Part 3: Probability

A phenomenon is random if we know what outcomes could happen, but we don’t know which particular
values will happen.

When dealing with probability, we will be dealing with many random phenomena like die, coins, cards,
surveys, experiments, and data collection.
Example: Average number of heads when tossing a coin
If you toss one coin, do you know whether you will get a head or a tail?

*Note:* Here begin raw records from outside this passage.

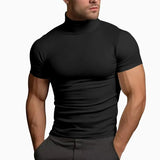 Riolio Summer Fashions Solid Color Short-sleeved Fashion Bottoming Shirt Men's Tight Turtleneck T-shirt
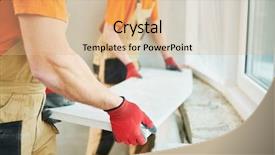  Presentation with stone - Presentation featuring installation windowsill from quartz agglomerate background and a coral colored foreground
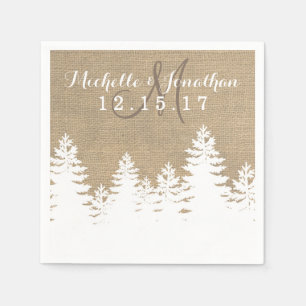 Rustieke Burlap Pine Bomen Winter Bruiloft Servet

How likely is it that you will get a head when you toss a coin?
If you toss a coin 100 times do you know how many heads you will get?
Probability
 For any random phenomenon, each trial generates an outcome.
 An event is any set or collection of outcomes.
 A simple or elementary event is an event that consists of a single outcome.
 The collection of all possible outcomes is called the sample space, denoted S.
 If each outcome of a trial does not influence, change, or affect the outcome of another trial, these
trials are said to be independent.
 The fundamental Counting Principle
If one event can occur in m ways, and a second event can occur in n ways, the number of ways the two events can
occur in sequence is mn. This rule can be extended for any number of events occurring in sequence.
Example: The access code for a car’s security system consists of four digits. Each digit can be 0 through 9.
a) How many access codes are possible if each digit can be used only once and not repeated?
b) How many access codes are possible if each digit can be repeated?
c) How many access codes are possible if each digit can be repeated, but the first digit cannot be 0 or 1?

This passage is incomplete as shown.